We made the decision to buy a new manufactured house to put on our property in late August or early September. The existing house, also a manufactured double-wide, was installed (incorrectly) thirty-one years ago, and to make a long story somewhat shorter is simply falling apart in a way that is not reasonable to repair. Moreover, the way it was installed (big raw hole dug in the ground and house plopped down in it), makes it impossible to put another manufactured home on the same site.
So we spent some time walking around the property and decided on a good location for to put a new house and armed with the dimensions of that space started shopping around.
Two things I wish we'd known then that we know now is: One, our electrical utility American Electric Power/Kentucky Power has a 100 foot right-of-way around their overhead high power transmission lines (50 feet on either side of the center line), and so even though the lines are more than 30 feet above the valley running from mountain top to mountain top, the power company's right away takes a huge slice out of one end of our property -- the end where we wanted to put the new house. After a couple of weeks of uncertainty we ultimately found a new place to locate the house, but had we known about the power company's right of way before we started we might have chosen a smaller, or at least differently configured house. The second thing I wish I'd known was that the costs of financing the loan (origination fees, title searches, points, etc.) would be more than $9000 above the cost of the house itself; that knowledge definitely would have lead to choosing a smaller, less expensive house.
By the time we'd learned both these things the house we had decided on had already been ordered, and although we were not legally bound to purchase it, we felt moral and ethical obligations, plus, by this time we really liked the house we'd chosen.
Those are the two biggies, but there are many, many smaller things I wish I'd known. I wish I'd known that everything always takes longer than everyone says they will, and that once winter weather sets in all bets are off on the timing of construction activity. Of course we thought, three months ago, that we'd be in our new house before Thanksgiving. That was before the power company right-of-way debacle.
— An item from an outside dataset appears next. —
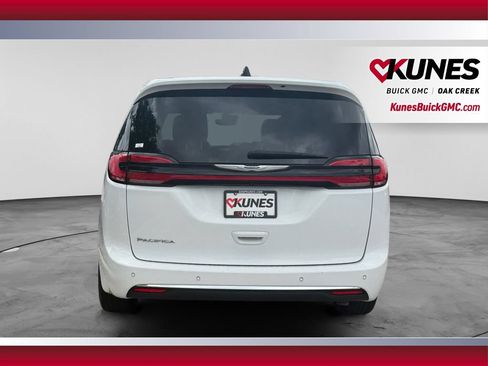 Used 2024 Chrysler Pacifica Touring-L FWD image 9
I wish I'd been given a complete and clearly detailed list of all the various tasks that would have to be done, that indicated for each item whether this was something we had to hire workers/contractors ourselves and pay for ourselves or something for which the home seller was responsible. I learned that "oh we'll help you take care of that" means that we're really responsible, and that all the seller is providing is names and phone numbers. But most of all I wish I'd known that just because the manufactured housing company recommends workers (like electricians) doesn't mean that they actually know what they are doing -- we failed electrical inspection the first time around, so more delays. We learned that when people focus too much on trying to "save you money" they can make stupid and costly mistakes.
I wish I'd known about all the different types of inspections, and that you had to pay the inspectors; and I wish that I had known which inspectors were perfunctory and which picky about details. I wish I'd known the level of detail you are suppose to know about your septic system -- and the artistic skill required to draw the map free hand -- before trying to get health department approval.
I wish some one had spelled out for me the exact time sequence that things have to be done in -- I'm still not clear about the necessary order for electrical hook up and septic hook-up, and just hope that the timing comes out right.
I wish I'd known how small a load 4 tons of gravel really was, and how far (not very) it would go. I would have opted for a larger load.
I've been thinking that someone, maybe me, should write down all the things to expect; but then I wonder how generalizable to others situations are the things I've learned?